Facebook’s mobile video ads boost sales growth above projections
Facebook Inc.’s investors are salivating over the revenue potential for the company’s chat businesses, Messenger and WhatsApp, after Chief Executive Officer Mark Zuckerberg said he’d like to move “a little faster” to make money from them.
The company has warned that sales growth, fueled primarily by mobile advertising, will slow because it can’t keep loading ads into users’ news feeds on its main social network. Both of Facebook’s chat apps have more than 1 billion users, though neither contributes significant revenue yet. After the company’s earnings report Wednesday, Wall Street decided these apps are the answer to the growth challenge, and Zuckerberg’s comments sent the shares up as much as 4.7 percent in extended trading.
Executives spent the bulk of their earnings call with investors fielding questions about the potential for Messenger and WhatsApp. Zuckerberg tempted them further, saying Facebook “should be able to do better” at building a business than popular Asian messaging apps. It was left to Chief Operating Officer Sheryl Sandberg and Chief Financial Officer David Wehner to quickly remind everyone that the app businesses were still in experimental phases.
Sensing he might have inflated expectations just a bit too much, Zuckerberg reframed his remarks.

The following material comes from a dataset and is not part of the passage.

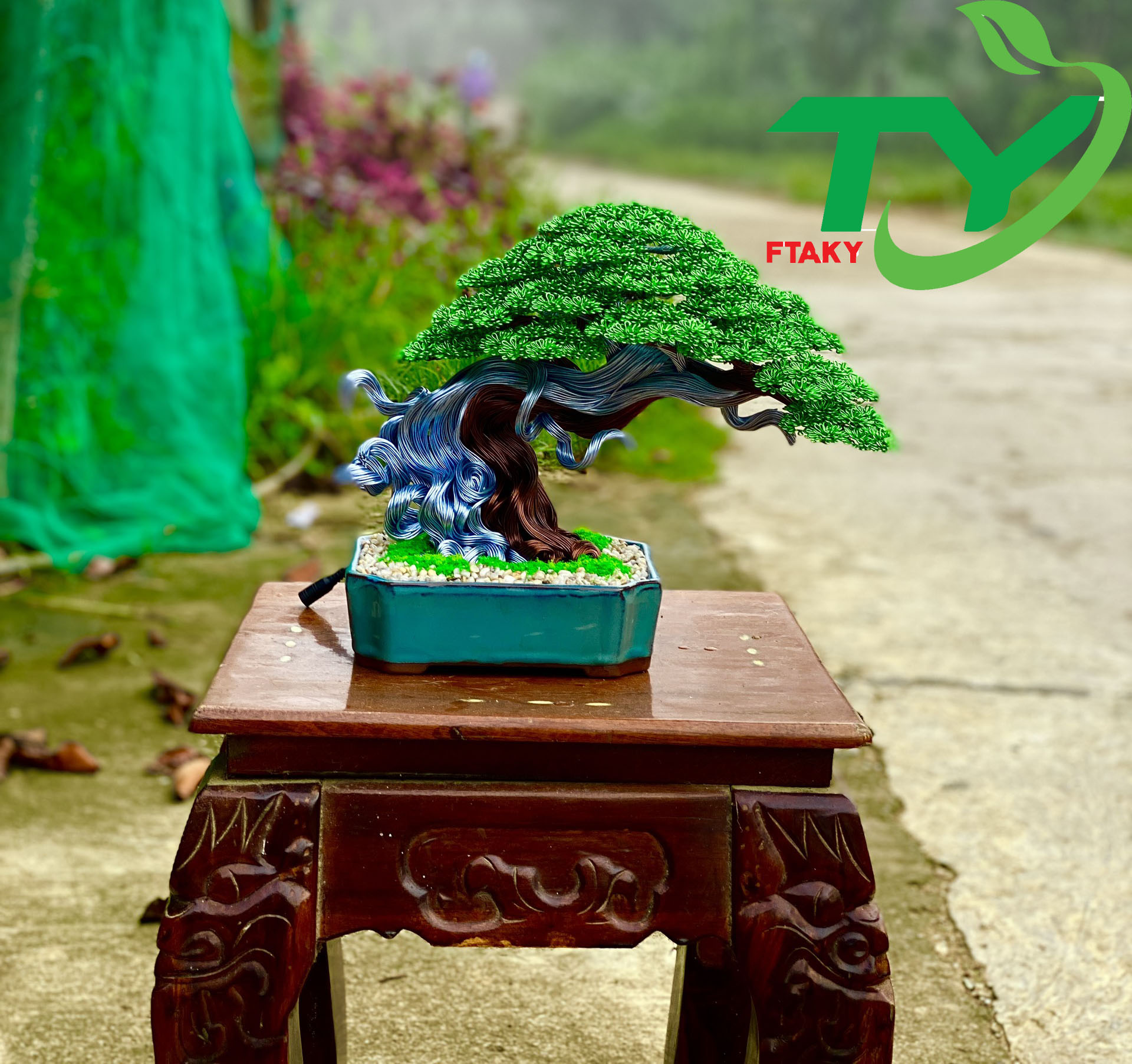 Cây Bonsai Nhật  dây đồng có đèn; Cây bonsai để bàn làm việc, trang trí, phong thủy, làm quà tặng ý nghĩa...FTAKY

“So there have been a number of questions about Messenger,” he said. “It’s a longer term thing. I actually think in over the next couple of years or few years, the much bigger driver of the business and determinant of how we do is going to be video, not Messenger.”
Earlier, Facebook reported second-quarter sales that beat analysts’ estimates, climbing 45 percent to $9.3 billion. Mobile advertising generated 87 percent of total ad revenue, an increase from 84 percent in the same period a year earlier. Net income rose to $3.9 billion, or $1.32 a share, from $2.3 billion, or 78 cents.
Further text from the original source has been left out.